Thirty years ago Carl Sagan hosted a little series on PBS called Cosmos. And with the hushed intonations of “billions and billions” he helped create a new generation of scientists, kids who grew up thinking bigger, thinking that the universe being massive and complicated was the most singularly awesome thing imaginable. And I mean that in the actual dictionary definition of that word: the universe is staggering and beautiful and as such it fills an observer with awe. If anyone is the intellectual heir of Sagan, it’s the fantastic Neil deGrasse Tyson, and it’s only fitting that he’s running a new 13 episode run of Cosmos, starting Sunday night and airing on Fox.
Like I said, the universe is a strangely complex place sometimes. Though hopefully they don’t run the episodes out of order and cancel it halfway through the season.
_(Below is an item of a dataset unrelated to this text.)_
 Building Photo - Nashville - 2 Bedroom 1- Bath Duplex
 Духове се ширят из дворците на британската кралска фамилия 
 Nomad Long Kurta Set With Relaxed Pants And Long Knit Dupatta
The relationship between the two men is an interesting phenomenon in its own right. I heard Tyson talk once about how when he visited Cornell looking at colleges, Sagan took him home, gave him dinner, drove him to the train station afterwards, and just took the time out of being Carl Fucking Sagan to chat up some pre-frosh who was thinking about coming to the school. And Tyson cites that as one of the points that changed his life: to not just want to be a brilliant scientist, but to be the sort who wants to educate, one person or millions at a time.
There’s an interview Tyson over on HuffPo, you should go read it. And then you should gaze longingly at the stars, tell someone else how they sing to you, and then watch Cosmos on Sunday night. I mean, it’s not like Downton or Sherlock are running, so get on that.